> What to do:
Reproduce every record verbatim but drop the pictures.

> Listed entries:
---------------
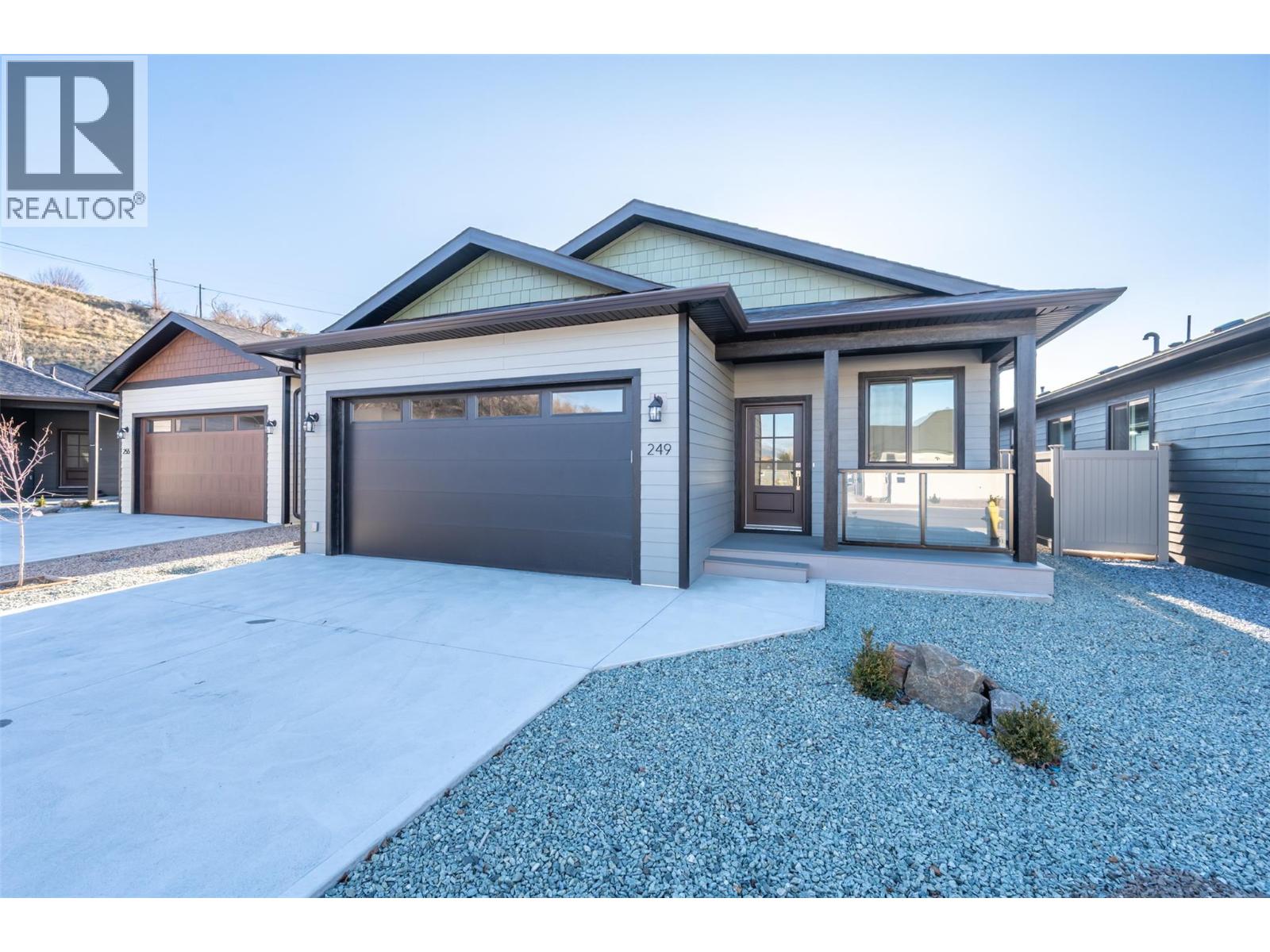 249 Bentgrass Avenue, Oliver, British Columbia  V0H 1T3 - Photo 1 - 10392472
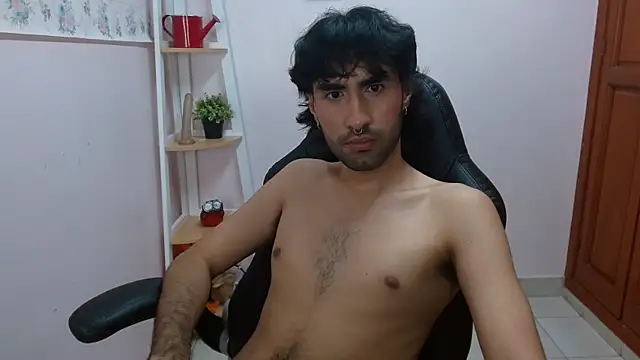 MilanZaire online show from 12.18.24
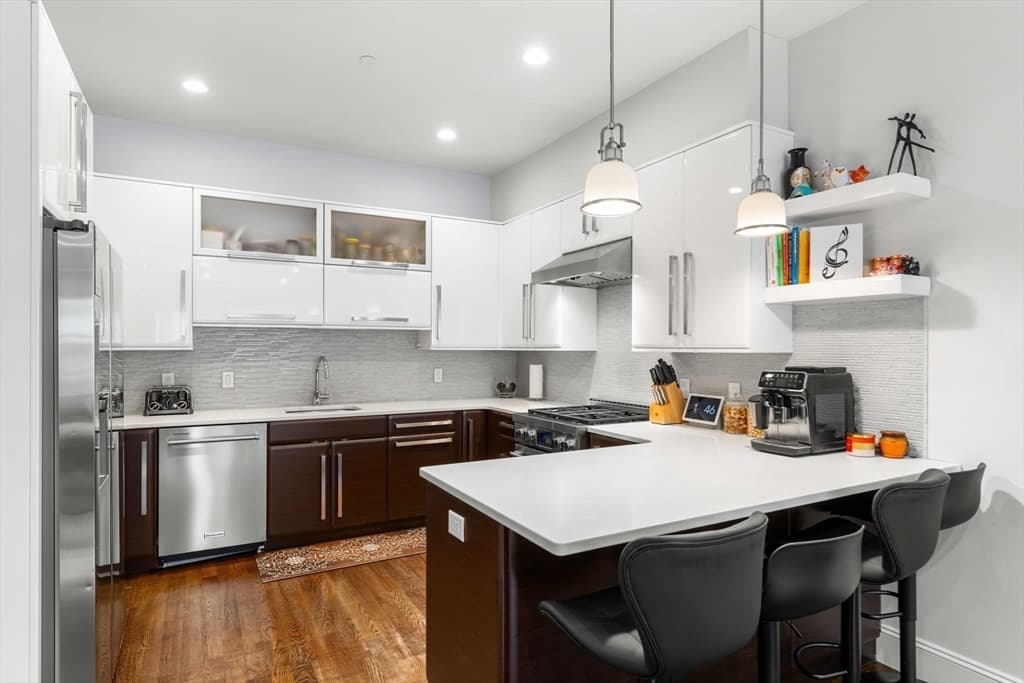 1471 Beacon St, Brookline MA 02446 photo 12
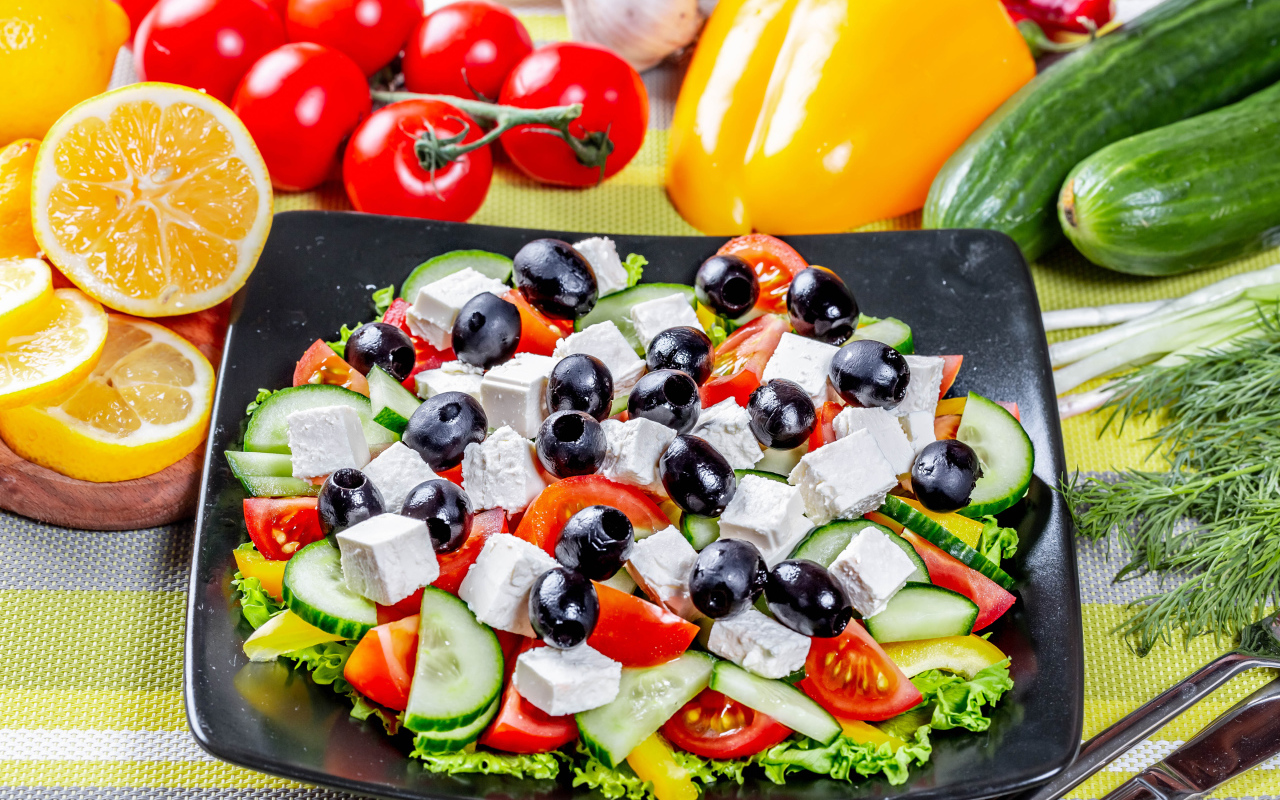 Греческий салат на столе со свежими овощами 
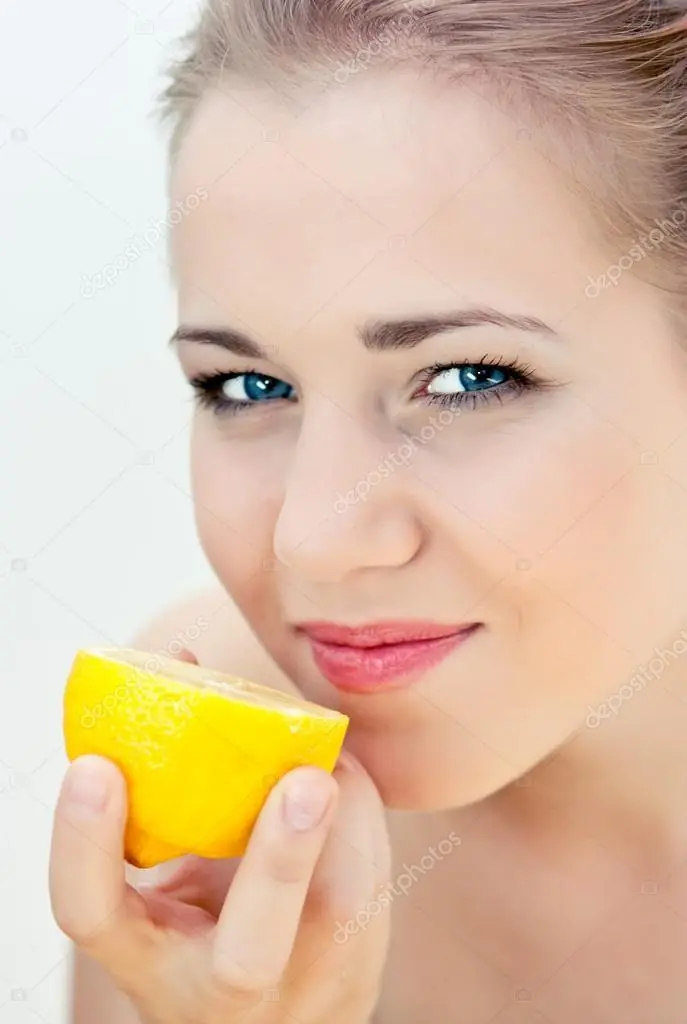 Lo que ocurre cuando congelas un limon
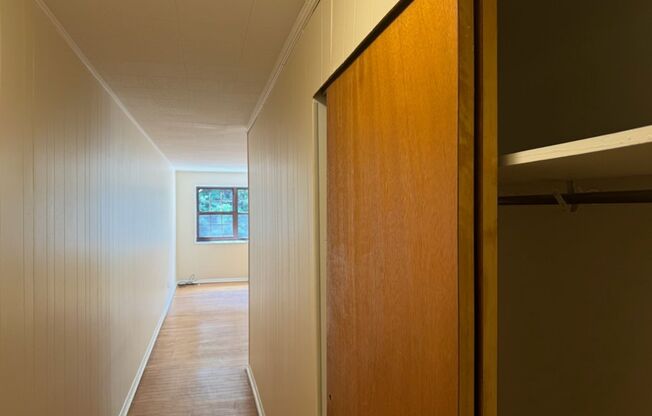 Studio, 1 bath, 487 sqft, $1,300, Unit Fifth 308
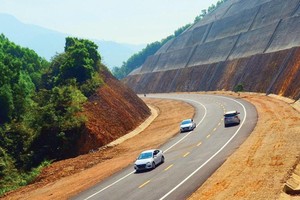 Dự án thành phần Cam Lộ - La Sơn đang triển khai thi công đảm bảo chất lượng, tiến độ và phấn đấu hoàn thành cơ bản trong năm 2021. Ảnh: A.M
---------------
> Result of this task:
 249 Bentgrass Avenue, Oliver, British Columbia  V0H 1T3 - Photo 1 - 10392472
 MilanZaire online show from 12.18.24
 1471 Beacon St, Brookline MA 02446 photo 12
 Греческий салат на столе со свежими овощами 
 Lo que ocurre cuando congelas un limon
 Studio, 1 bath, 487 sqft, $1,300, Unit Fifth 308
 Dự án thành phần Cam Lộ - La Sơn đang triển khai thi công đảm bảo chất lượng, tiến độ và phấn đấu hoàn thành cơ bản trong năm 2021. Ảnh: A.M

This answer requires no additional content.